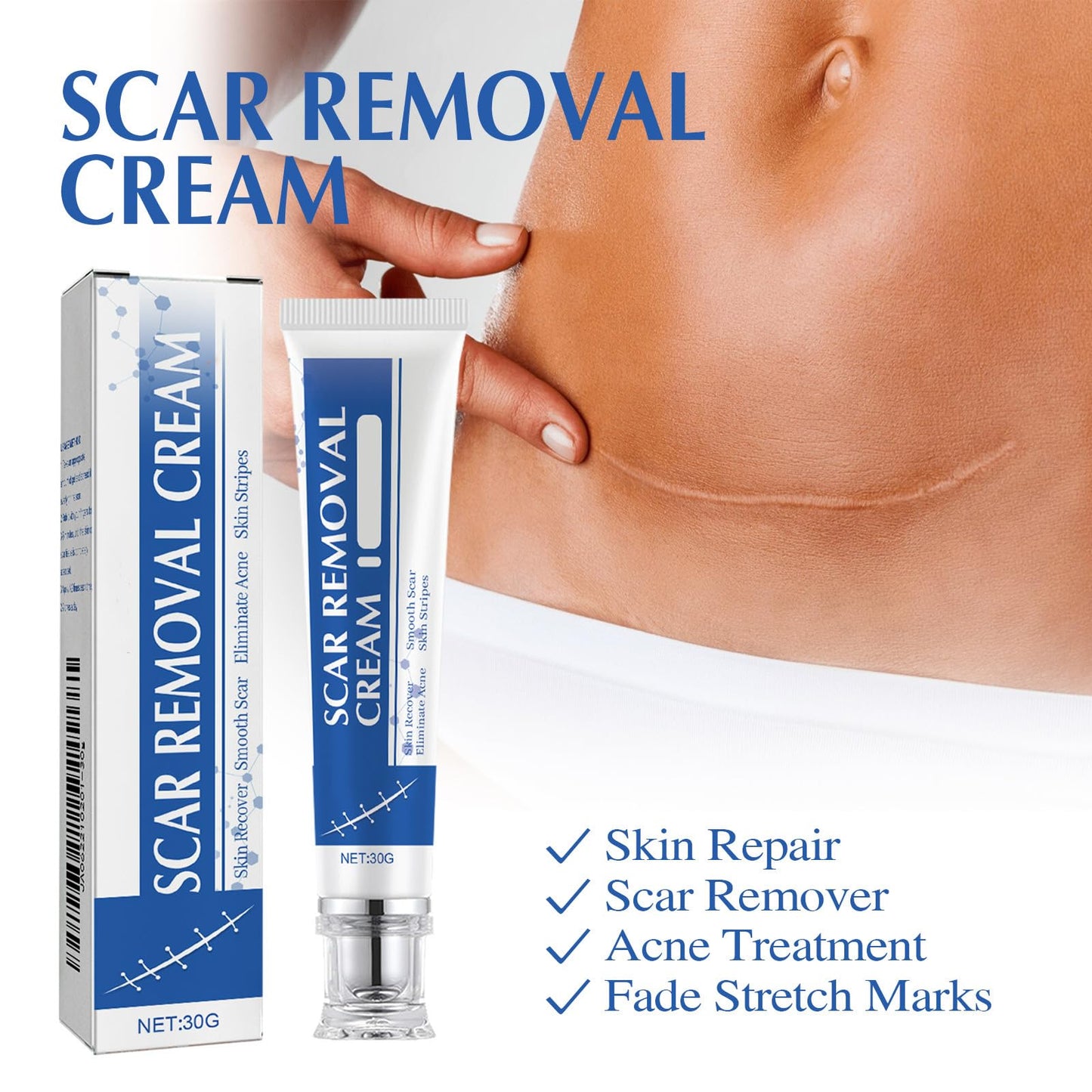 URABOS Scar Cream + Silicone Gel — Scar Treatment for Surgical Scars, Stretch Marks & Keloids (2pcs)
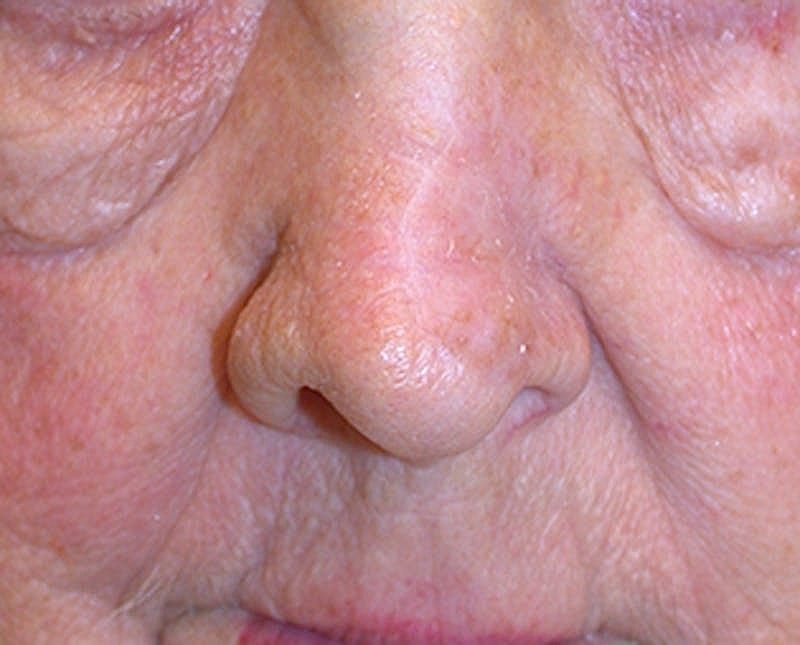 Complex Facial Reconstruction Cancer Trauma Before & After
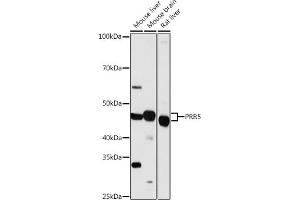 Western blot analysis of extracts of various cell lines, using PRR5 antibody (ABIN7269555) at 1:1000 dilution. (PRR5 抗体  (AA 109-388))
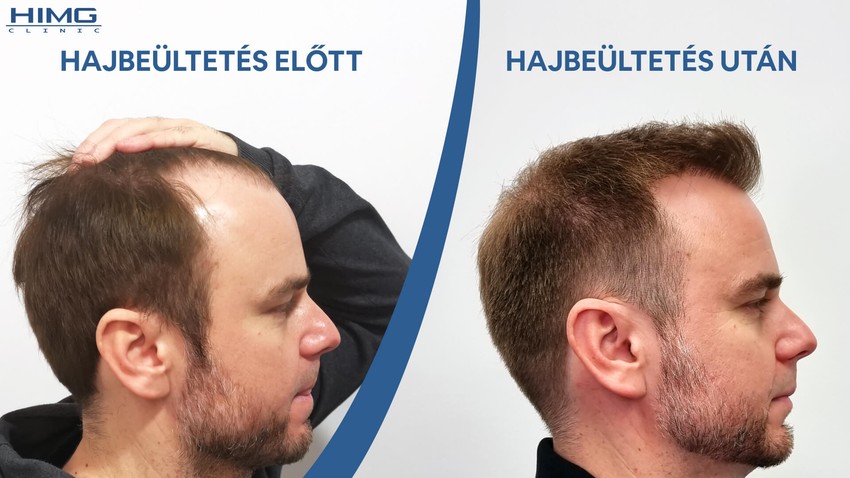 A 3+2 leggyakoribb hajbeültetési terület a fejen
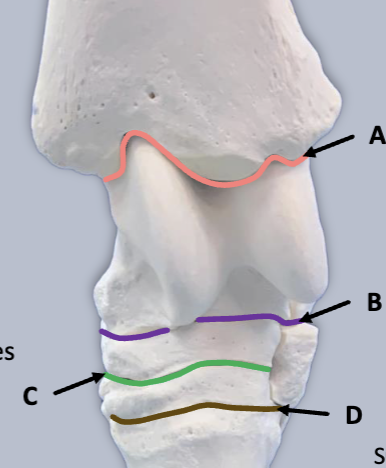 <p>what joint is peach</p>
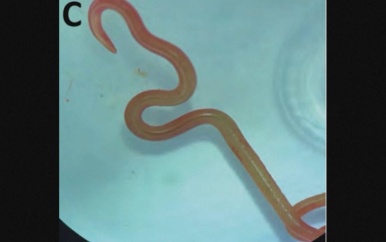 Chirurgen vinden levende worm van 8 centimeter in hersenen vrouw
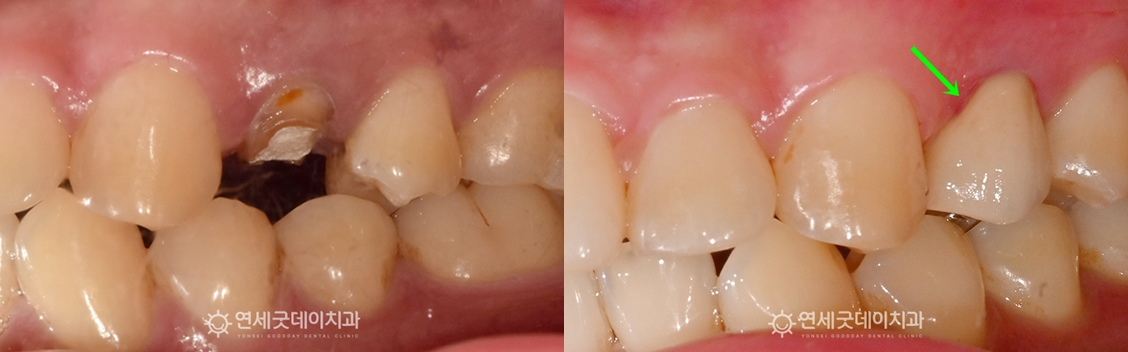 치아파절 재신경치료 전후 구내모습 비교
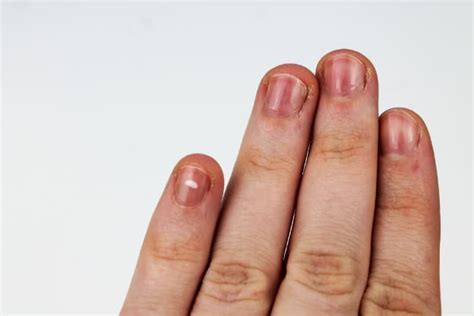 Red Lines On Fingernails - Causes, Prevention & Treatment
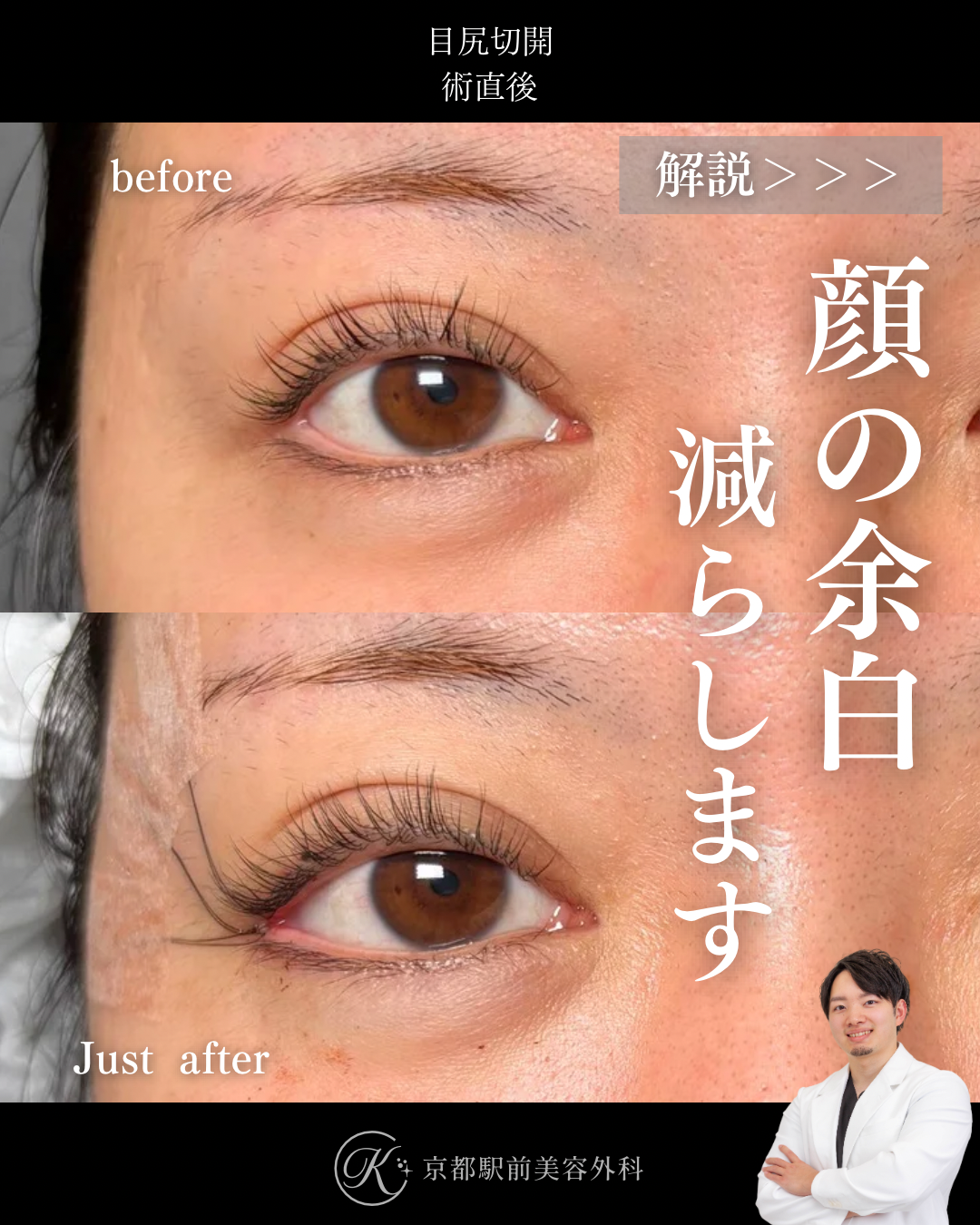 目尻切開の術直後写真（京都駅前美容外科の症例）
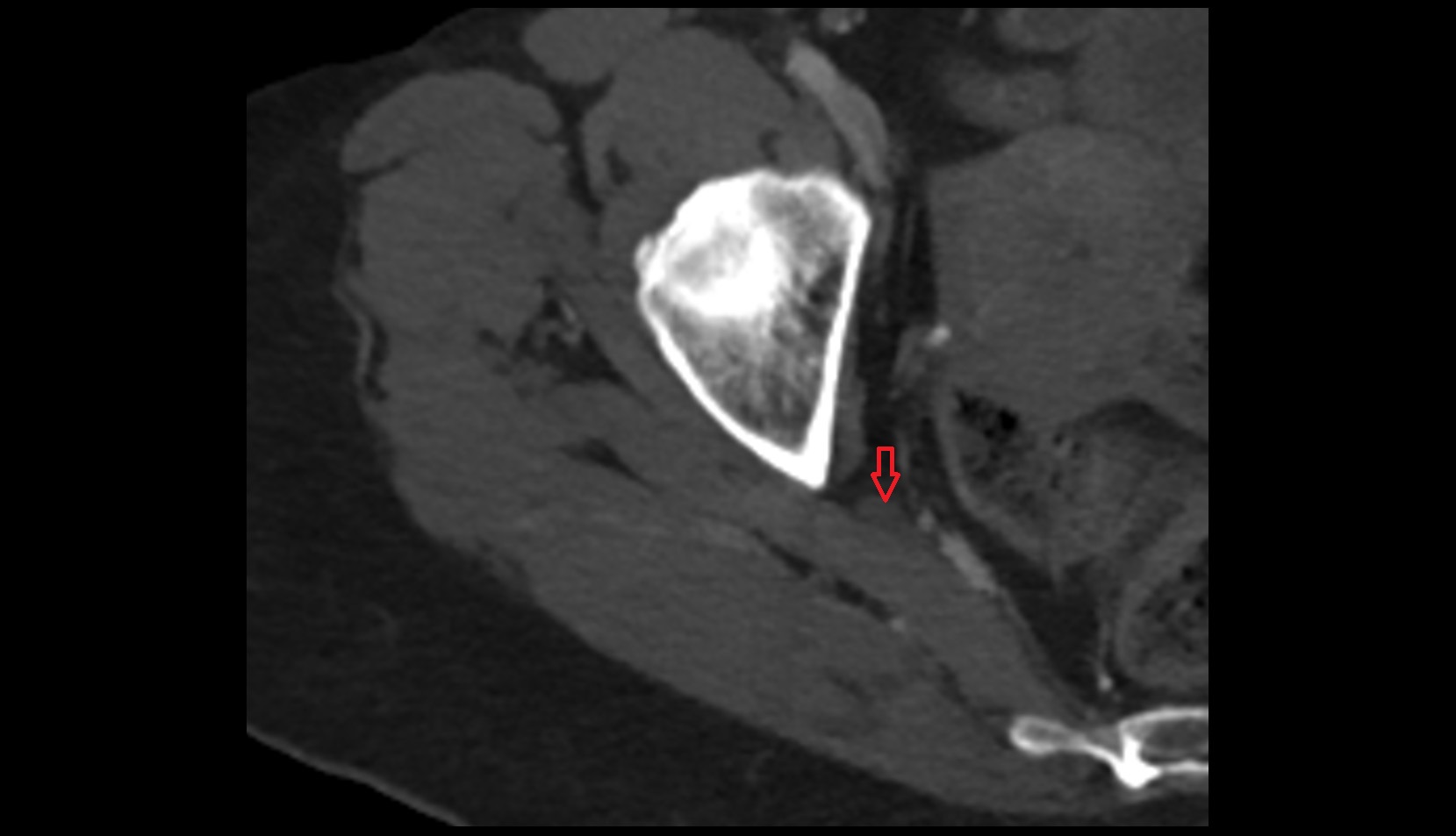 Sciatic nerve ct axial image 0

# What to produce
Copy exactly the lines from the one containing "Western blot analysis" through the final line of the records above, both included, and leave out any pictures.

# Written response
 Western blot analysis of extracts of various cell lines, using PRR5 antibody (ABIN7269555) at 1:1000 dilution. (PRR5 抗体  (AA 109-388))
 A 3+2 leggyakoribb hajbeültetési terület a fejen
 <p>what joint is peach</p>
 Chirurgen vinden levende worm van 8 centimeter in hersenen vrouw
 치아파절 재신경치료 전후 구내모습 비교
 Red Lines On Fingernails - Causes, Prevention & Treatment
 目尻切開の術直後写真（京都駅前美容外科の症例）
 Sciatic nerve ct axial image 0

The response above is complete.